**EXERCISE**
The data must be written out once more, precisely as given.

:::::

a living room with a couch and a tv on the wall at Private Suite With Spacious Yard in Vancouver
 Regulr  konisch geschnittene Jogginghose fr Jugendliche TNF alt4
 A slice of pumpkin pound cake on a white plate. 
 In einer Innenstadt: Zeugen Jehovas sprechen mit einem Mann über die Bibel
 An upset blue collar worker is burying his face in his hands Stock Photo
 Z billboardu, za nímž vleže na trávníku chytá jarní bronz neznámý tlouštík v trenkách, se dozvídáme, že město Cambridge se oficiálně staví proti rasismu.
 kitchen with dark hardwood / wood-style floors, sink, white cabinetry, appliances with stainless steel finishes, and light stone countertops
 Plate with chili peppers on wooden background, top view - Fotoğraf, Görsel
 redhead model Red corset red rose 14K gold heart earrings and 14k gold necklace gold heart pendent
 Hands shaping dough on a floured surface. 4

:::::

**RESPONSE BOX**
a living room with a couch and a tv on the wall at Private Suite With Spacious Yard in Vancouver
 Regulr  konisch geschnittene Jogginghose fr Jugendliche TNF alt4
 A slice of pumpkin pound cake on a white plate. 
 In einer Innenstadt: Zeugen Jehovas sprechen mit einem Mann über die Bibel
 An upset blue collar worker is burying his face in his hands Stock Photo
 Z billboardu, za nímž vleže na trávníku chytá jarní bronz neznámý tlouštík v trenkách, se dozvídáme, že město Cambridge se oficiálně staví proti rasismu.
 kitchen with dark hardwood / wood-style floors, sink, white cabinetry, appliances with stainless steel finishes, and light stone countertops
 Plate with chili peppers on wooden background, top view - Fotoğraf, Görsel
 redhead model Red corset red rose 14K gold heart earrings and 14k gold necklace gold heart pendent
 Hands shaping dough on a floured surface. 4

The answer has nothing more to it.